AUSTIN, Texas (CN) - The SEC froze the assets of a Texas company it accuses of running an $18 million Ponzi scheme in "supposed purchases" of oil and gas royalties.
The SEC claims in Federal Court that lead defendants Robert A. Helms and Janniece S. Kaelin promised they would invest the $18 million they, but spent "the vast majority" of it on Ponzi payments and themselves and their many defendant businesses.
"Helms and Kaelin [both of Austin] pretended to be in the oil and gas business when they were really in the business of fattening their own wallets," the SEC's Fort Worth Region director David Woodcock said in a statement.
"They lied to investors about the use of offering proceeds, spent investor funds on personal expenses, and made Ponzi payments to give investors the false impression that they were earning returns in a profitable venture."

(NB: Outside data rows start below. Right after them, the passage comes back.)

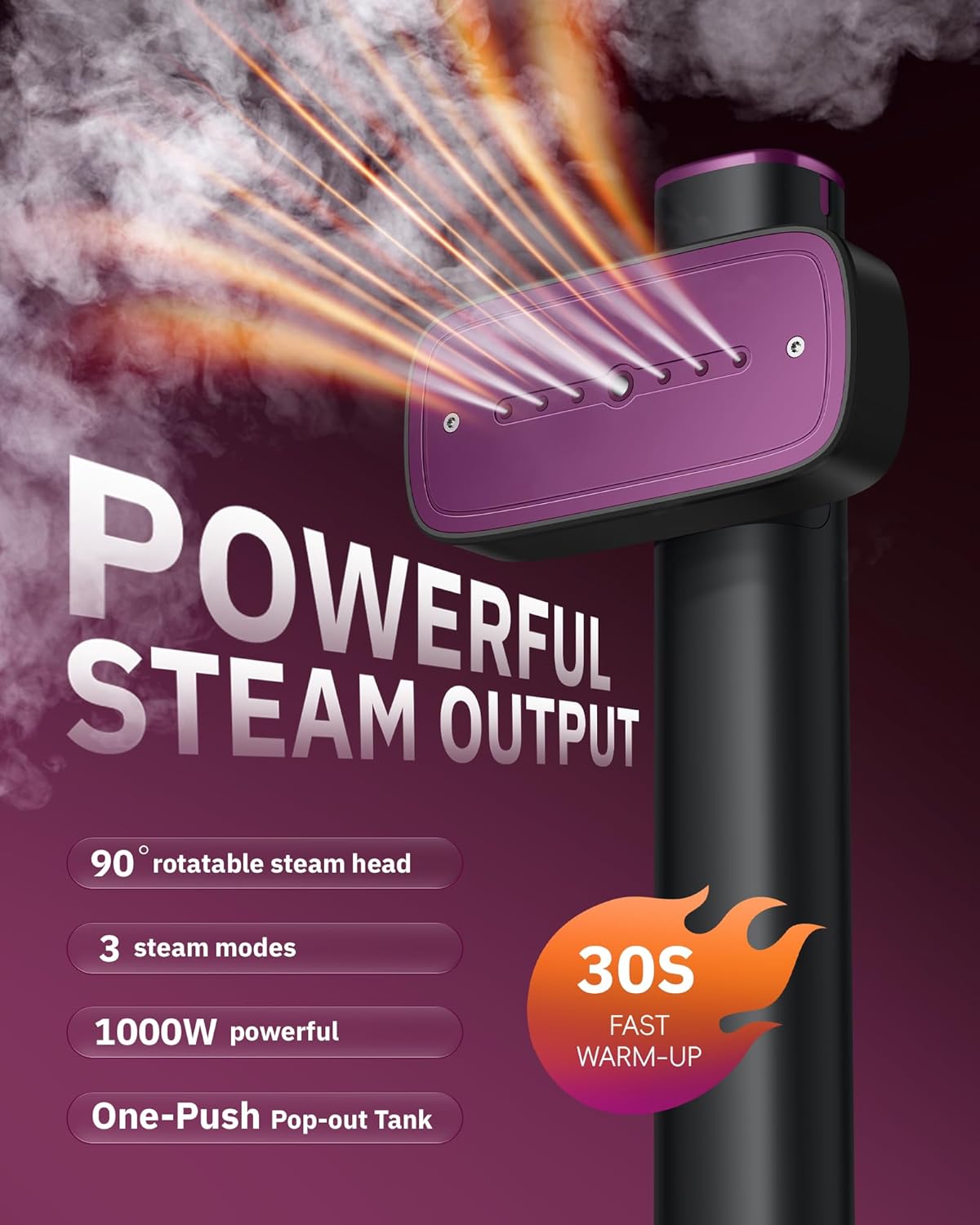 OGHom Travel Steamer for Clothes - 2-in-1 Handheld Garment Iron & Wrinkle Remover | 1000W Fast Heat-Up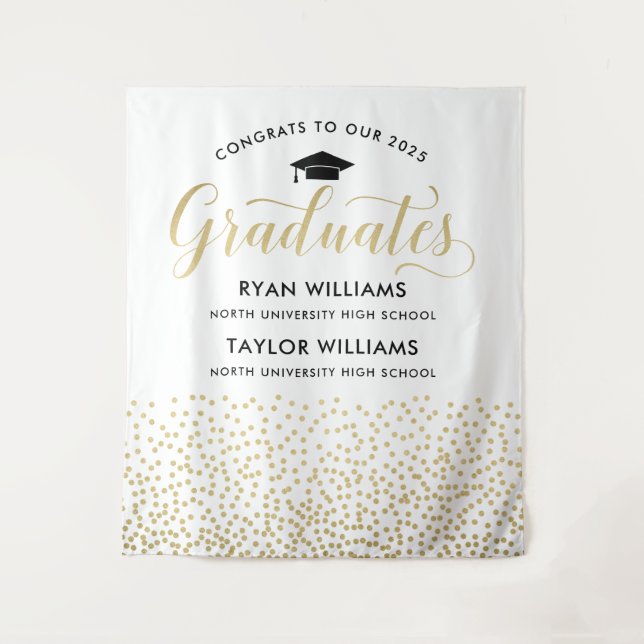 Congrats to Our Two Graduates Gold Confetti Party Tapestry (Front)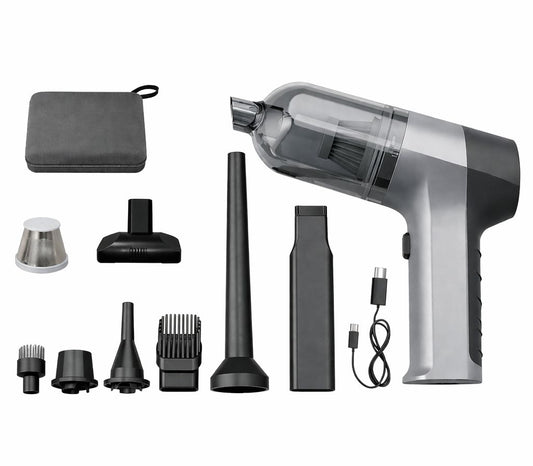 Handheld vacuum cleaner with various attachments on a white background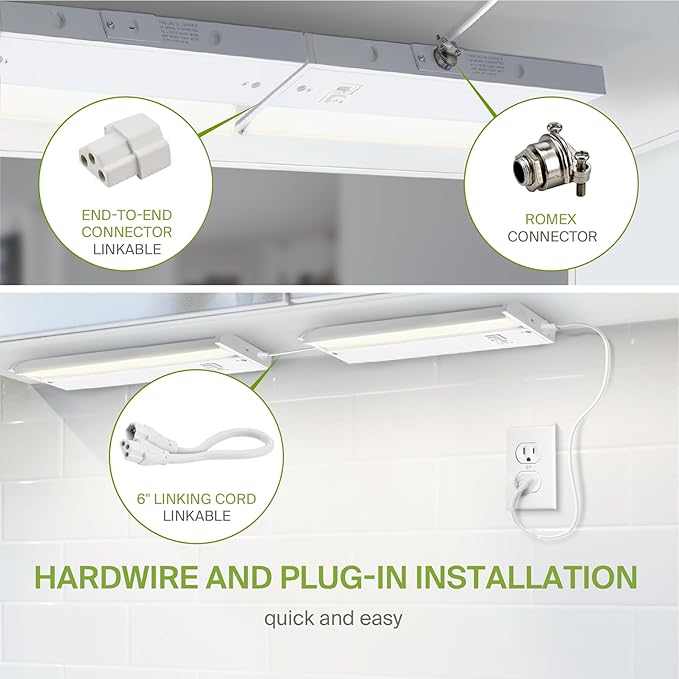 ASD Swivel LED Under Cabinet Lighting Plug in or Hardwired 12 Inch, Dimmable Under Cabinet Lights with High/Low/Off Switch, 3CCT 2700K-4000K, Linkable Under Counter Lights for Kitchen, White, ETL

The 16-page federal lawsuit also charges Deven Sellers of Arvada, Colo., and Roland Barrera of Costa Mesa, Calif., with illegally selling investments for Helms and Kaelin without being registered with the SEC, and with lying about their sales commissions and referral fees.

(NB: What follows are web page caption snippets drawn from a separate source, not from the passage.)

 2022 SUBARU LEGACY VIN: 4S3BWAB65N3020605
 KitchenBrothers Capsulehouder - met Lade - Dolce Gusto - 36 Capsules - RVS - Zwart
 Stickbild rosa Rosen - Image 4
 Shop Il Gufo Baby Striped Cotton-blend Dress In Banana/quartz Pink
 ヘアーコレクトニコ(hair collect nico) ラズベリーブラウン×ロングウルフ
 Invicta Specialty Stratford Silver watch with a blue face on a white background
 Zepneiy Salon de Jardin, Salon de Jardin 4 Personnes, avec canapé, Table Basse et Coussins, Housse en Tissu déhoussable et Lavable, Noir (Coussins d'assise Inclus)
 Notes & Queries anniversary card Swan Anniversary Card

"In the course of the scheme, Helms and Kaelin misrepresented and omitted to
disclose material facts to investors," the SEC said in the lawsuit. "They grossly understated bank-loan payments made with offering proceeds. They concealed Vendetta Partners' imminent bank-loan default. And they represented that there were no material legal proceedings pending against them or Vendetta Partners when, in fact, they and Vendetta Partners were defendants in a civil case alleging they defrauded the plaintiff of $1.2 million, and were subject to other legal proceedings.
"In addition, Helms and Kaelin paid combined commissions totaling $423,500 to defendants David Sellers and Roland Barrera, who sold Vendetta Partnership securities to an investor for $3,050,000. Sellers and Barrera falsely represented to the investor that they would receive only 'small' commissions in keeping with Vendetta Partners offering documents stating that promotional expenses would not exceed $50,000when their actual commission was nearly 14% of the purchase price.

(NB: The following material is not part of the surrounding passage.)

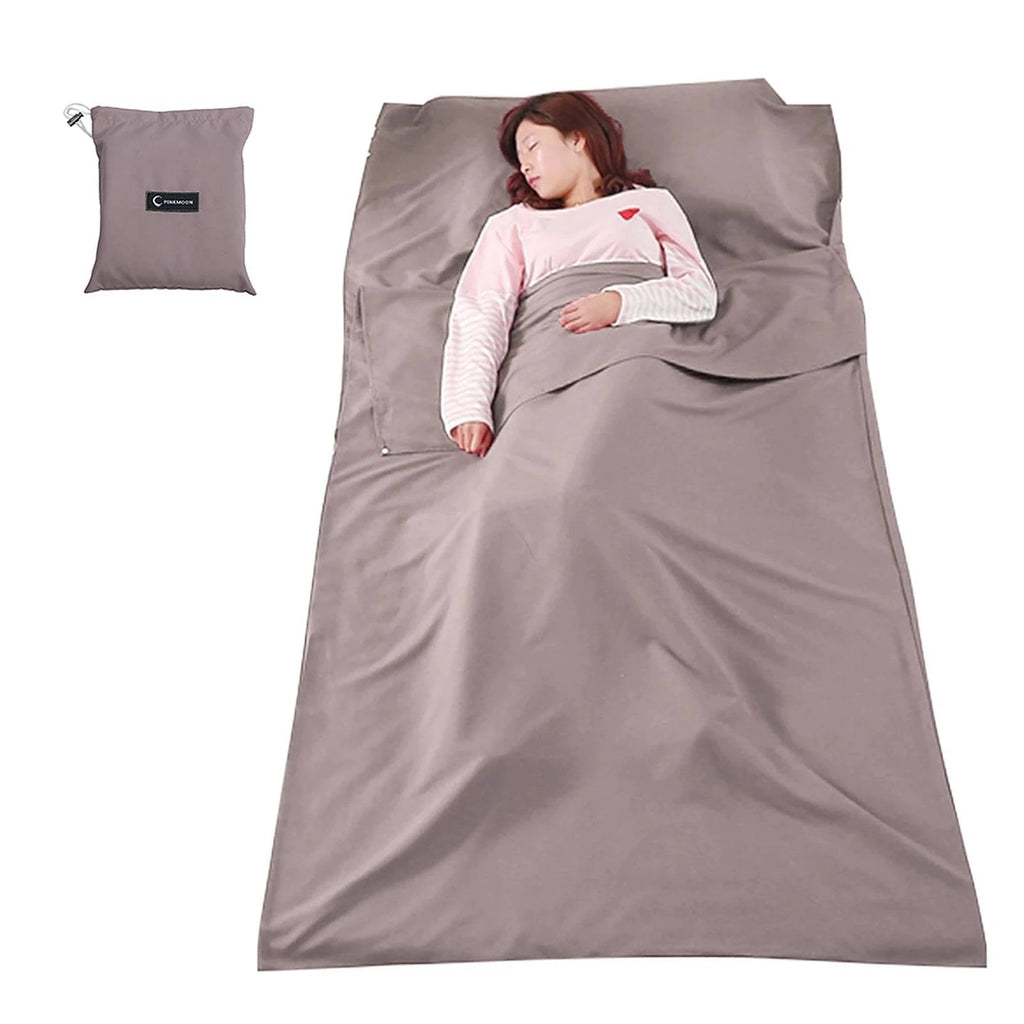 Lightweight Sleeping Bag Liner Portable Sleeping Sack Outdoor Camping Hotel Travel Single Double Sheet for Backpacking Hiking-WAYBIKER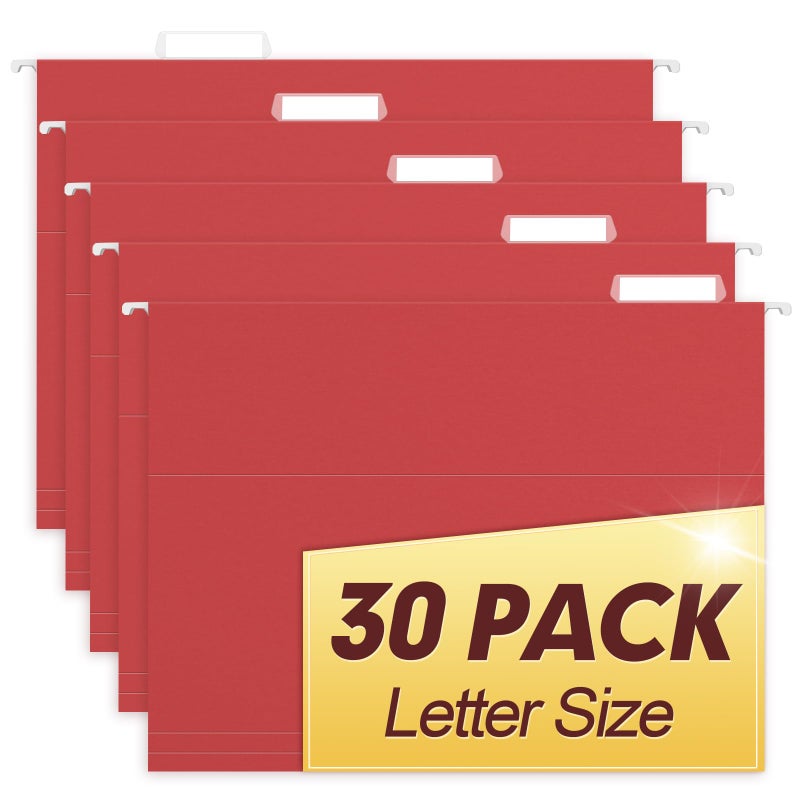 HERKKA Hanging File Folders, 30 Pack Reinforced Letter Size Hanging Folders, Designed for Bulky Files, Filing Cabinet, 1/5-Cut Adjustable Tabs (Red) - Image 1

"After Vendetta Partners, Helms and Kaelin launched two more fraudulent
offerings, Vesta Royalty Partners, LP ('Vesta Partners') in 2012 and Iron Rock Royalty Partners LP ('Iron Rock Partners') in 2013. For each of these limited partnerships, they control the general partner, Vesta Royalty Management, LLC ('Vesta Management') and Iron Rock Royalty Management, LLC ('Iron Rock Management'), respectively. In the Vesta Partners offering, they have touted potential investment returns ranging from 300% to 500% to be achieved in just five to seven years. In reality, their return projections are baseless."
All those companies are named as defendants.
In addition to freezing accounts, the SEC filed a restraining order and demands protection of documents, an accounting, expedited discovery, restitution and penalties.